WORK REQUIRED:
Every entry below must be transcribed word for word, and the images must be left out.

--------------------

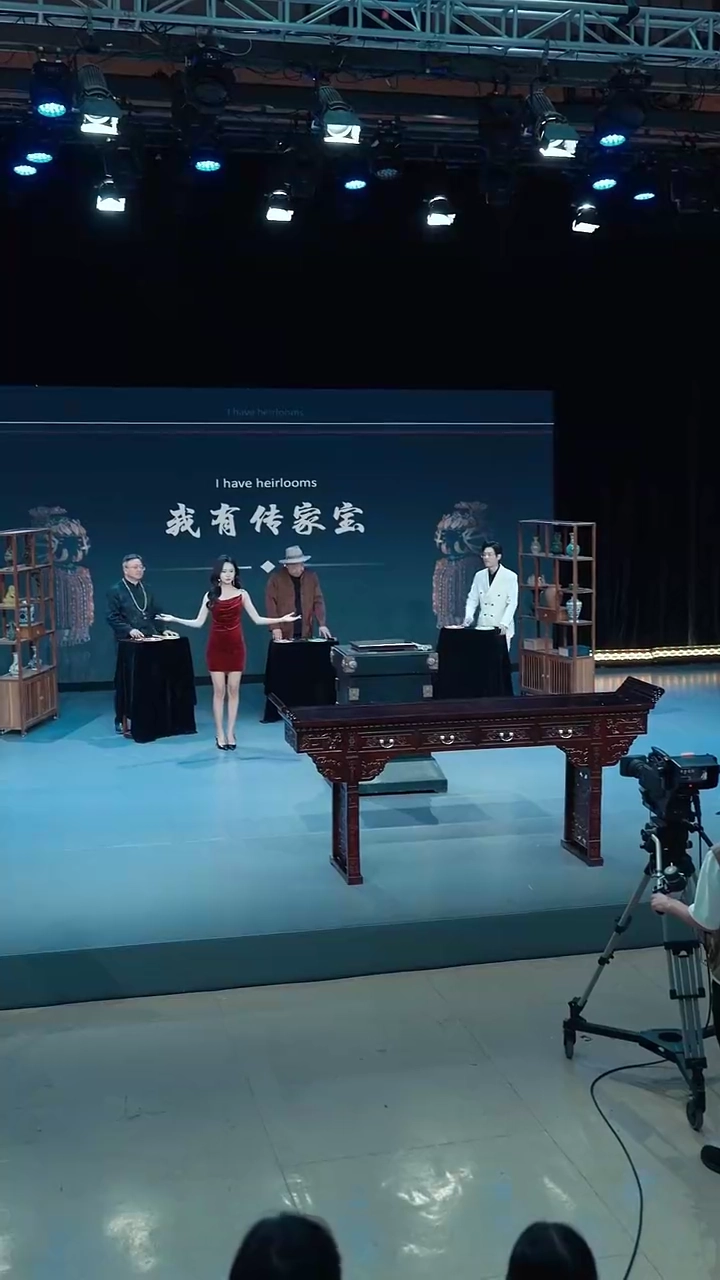 [Versi suara dubbing] Harga dari Pengabdian Butafoto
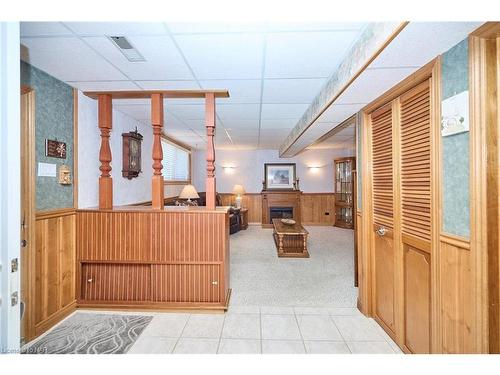 7151 Maywood Street, Niagara Falls, ON - Indoor Photo Showing Other Room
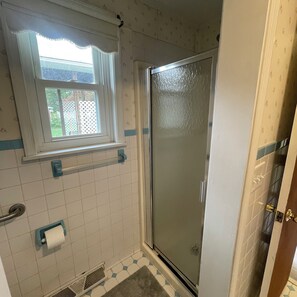 Dusche, Handtücher, Seife, Toilettenpapier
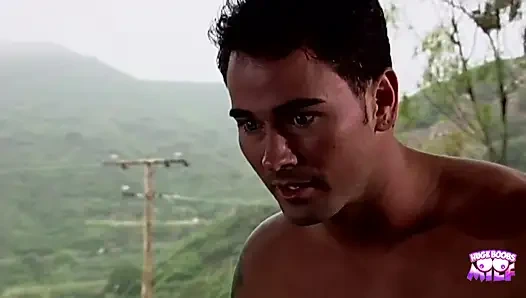 İri göğüslü orta yaşlı seksi kadın erkek arkadaşına ayrılırlarsa neler kaçıracağını gösteriyor.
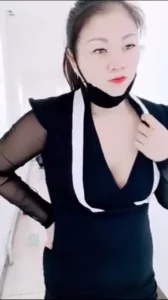 熟女楼道勾引大爷操逼2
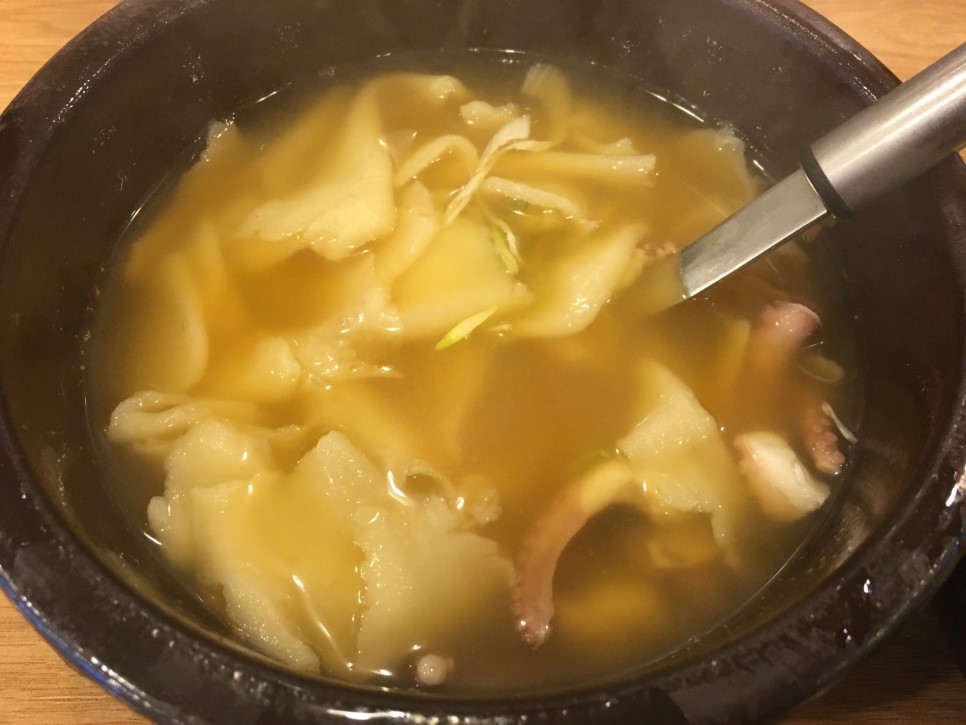  신사역 낙지한마리수제비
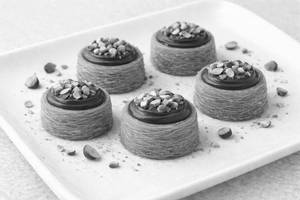 Nutella Hazelnut Oshe Bul Bul Kunafa Baklava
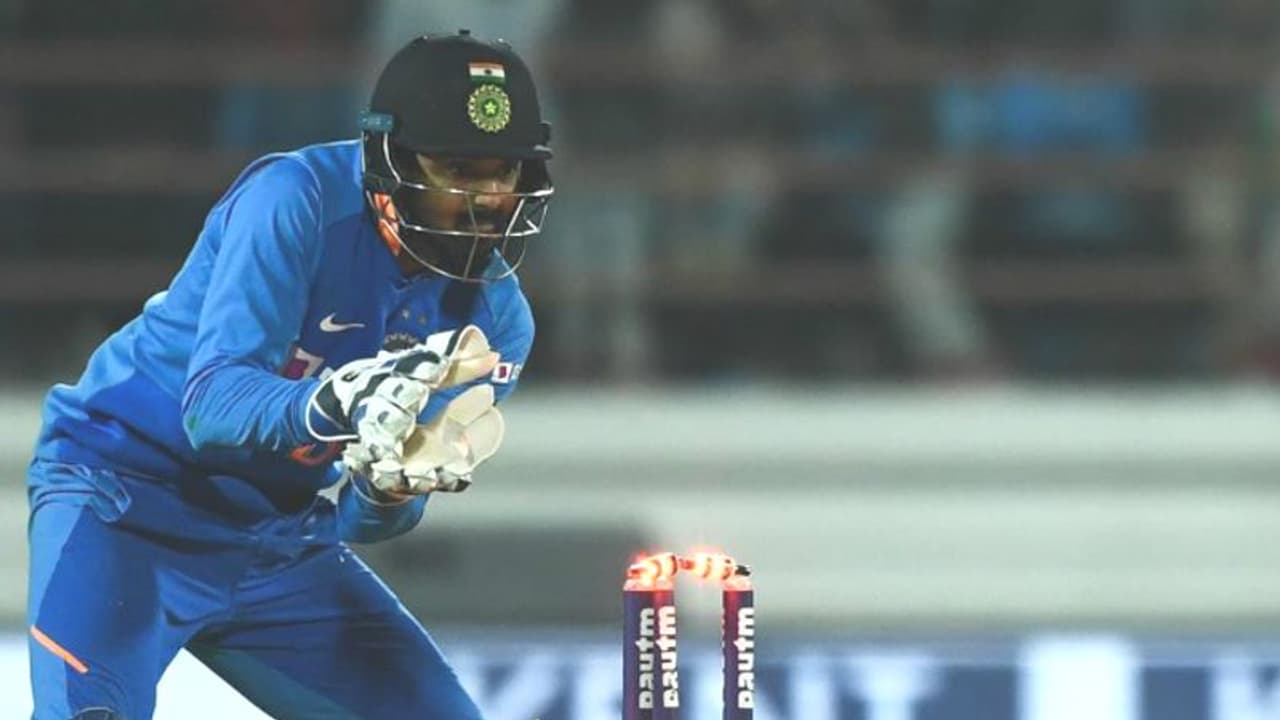 விக்கெட் கீப்பிங் செய்யும்போதுதான் எனக்கு செம ஐடியாவே வந்துச்சு.. கேஎல் ராகுல் பெற்ற தெளிவு விக்கெட் கீப்பிங் செய்யும்போதுதான் எனக்கு செம ஐடியாவே வந்துச்சு.. கேஎல் ராகுல் பெற்ற தெளிவு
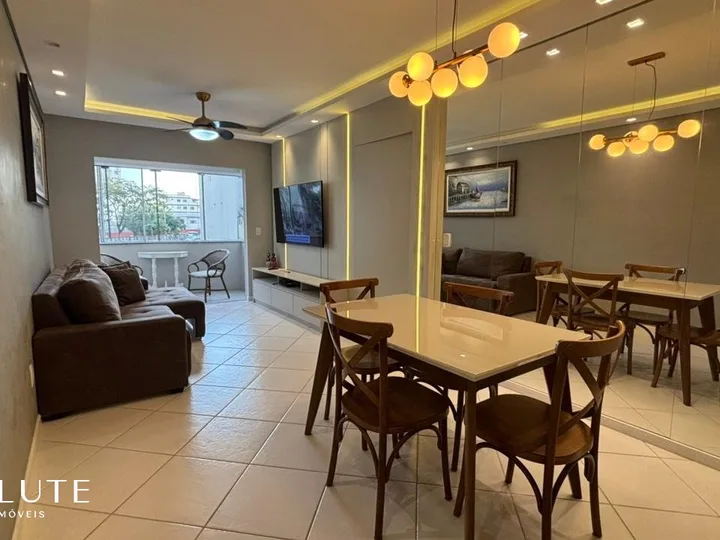 Apartamento à venda 2 dormitórios na Barra Sul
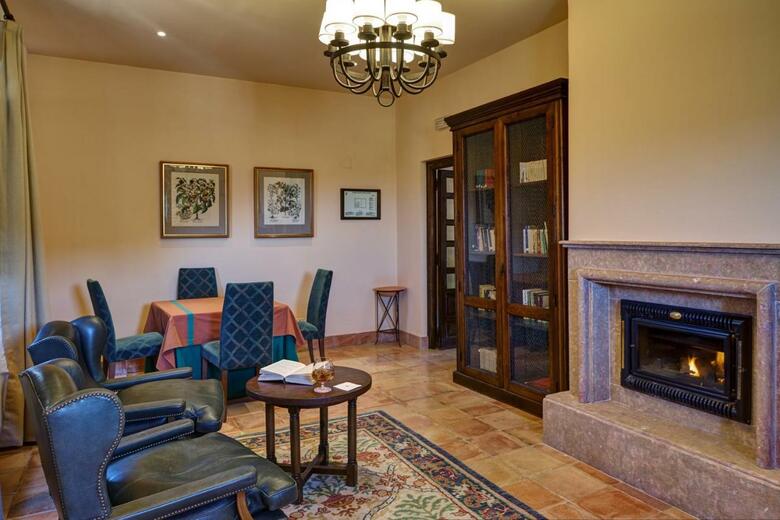 Hotel Parador De Sos Del Rey Cat�lico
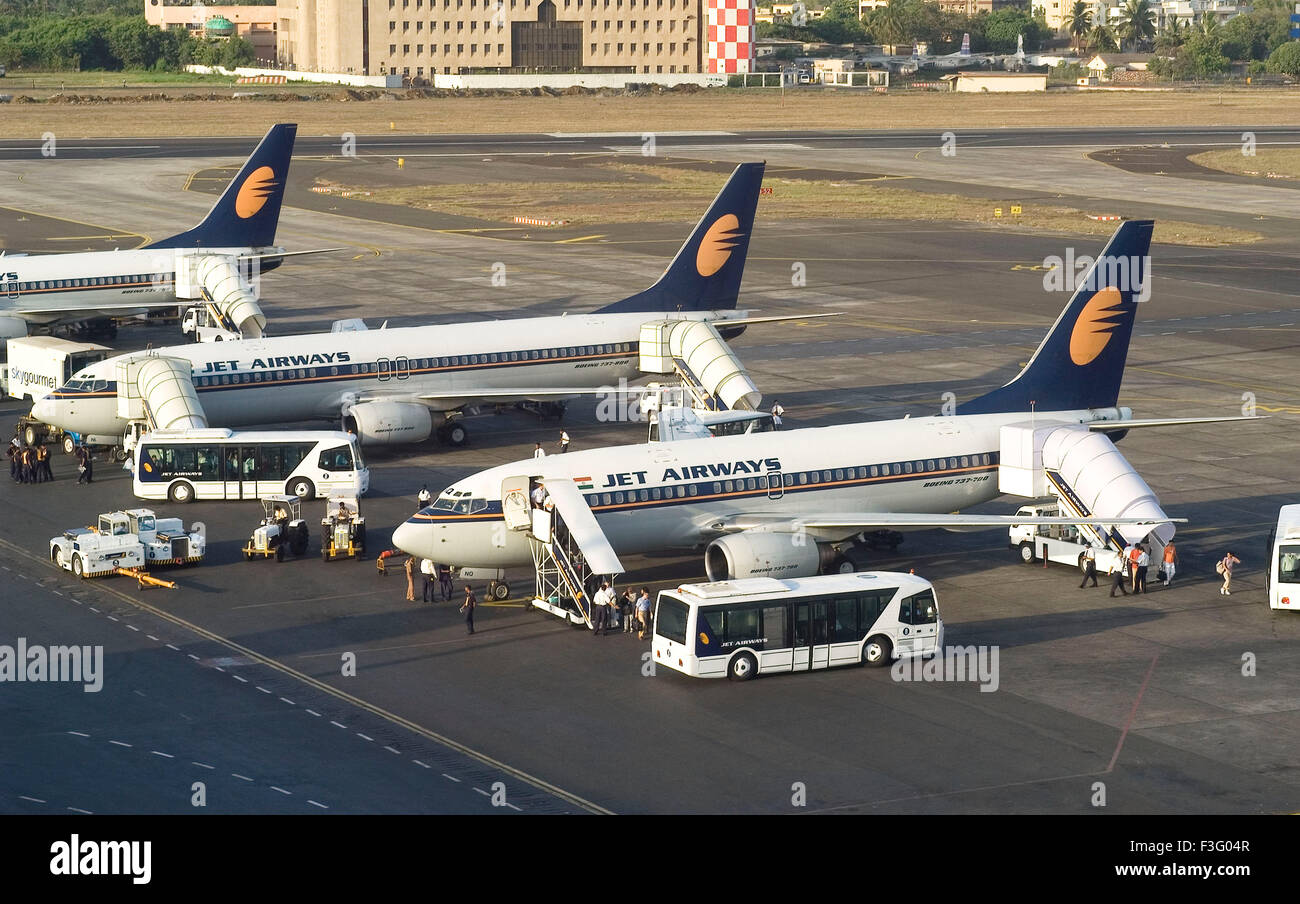 Aerei Jet Airways parcheggiati all'aeroporto CST di Santacruz Bombay ora Mumbai Maharashtra India Indian Planes Asia Asian Aircraft Foto Stock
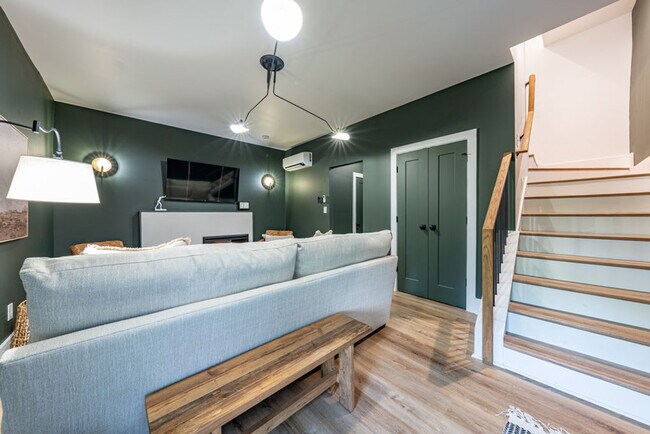 Foto del edificio - 341 Mossy Creek Ln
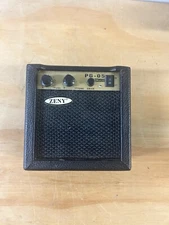 ZENY PG-05 5W Battery-Operated Guitar Amplifier Lightly Used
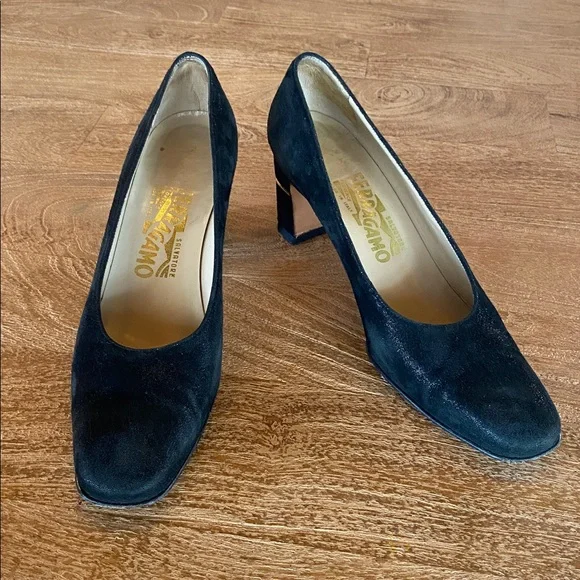 Salvatore Ferragamo heels - Picture 8 of 13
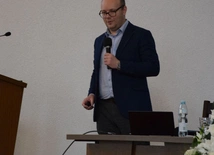 Sztuczna inteligencja - możliwości i wyzwania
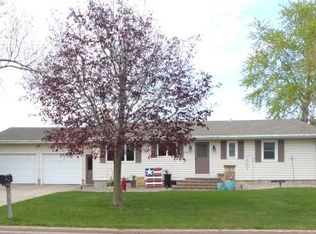 2000 Great Bend Blvd, Windom, MN 56101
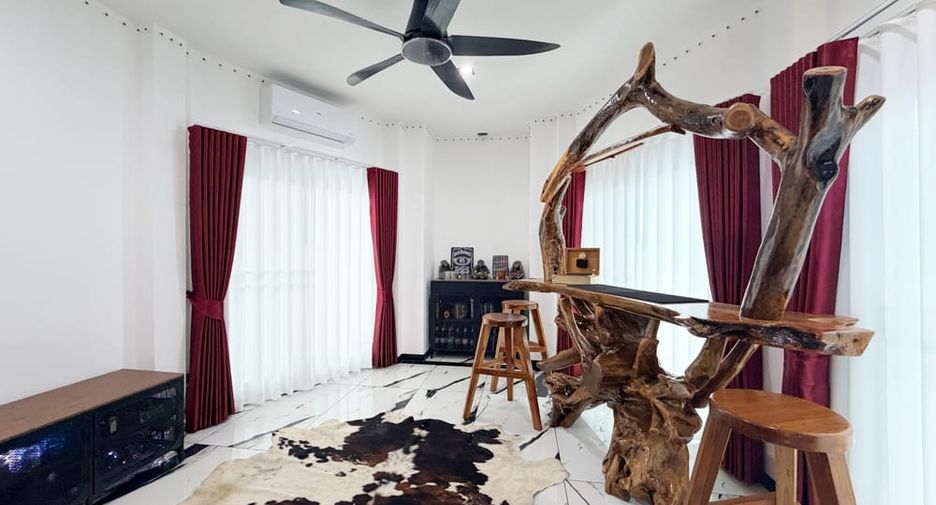 À vendre 3 chambres villa à Bang Lamung, Chonburi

--------------------

SOLVED EXERCISE:
 [Versi suara dubbing] Harga dari Pengabdian Butafoto
 7151 Maywood Street, Niagara Falls, ON - Indoor Photo Showing Other Room
 Dusche, Handtücher, Seife, Toilettenpapier
 İri göğüslü orta yaşlı seksi kadın erkek arkadaşına ayrılırlarsa neler kaçıracağını gösteriyor.
 熟女楼道勾引大爷操逼2
  신사역 낙지한마리수제비
 Nutella Hazelnut Oshe Bul Bul Kunafa Baklava
 விக்கெட் கீப்பிங் செய்யும்போதுதான் எனக்கு செம ஐடியாவே வந்துச்சு.. கேஎல் ராகுல் பெற்ற தெளிவு விக்கெட் கீப்பிங் செய்யும்போதுதான் எனக்கு செம ஐடியாவே வந்துச்சு.. கேஎல் ராகுல் பெற்ற தெளிவு
 Apartamento à venda 2 dormitórios na Barra Sul
 Hotel Parador De Sos Del Rey Cat�lico
 Aerei Jet Airways parcheggiati all'aeroporto CST di Santacruz Bombay ora Mumbai Maharashtra India Indian Planes Asia Asian Aircraft Foto Stock
 Foto del edificio - 341 Mossy Creek Ln
 ZENY PG-05 5W Battery-Operated Guitar Amplifier Lightly Used
 Salvatore Ferragamo heels - Picture 8 of 13
 Sztuczna inteligencja - możliwości i wyzwania
 2000 Great Bend Blvd, Windom, MN 56101
 À vendre 3 chambres villa à Bang Lamung, Chonburi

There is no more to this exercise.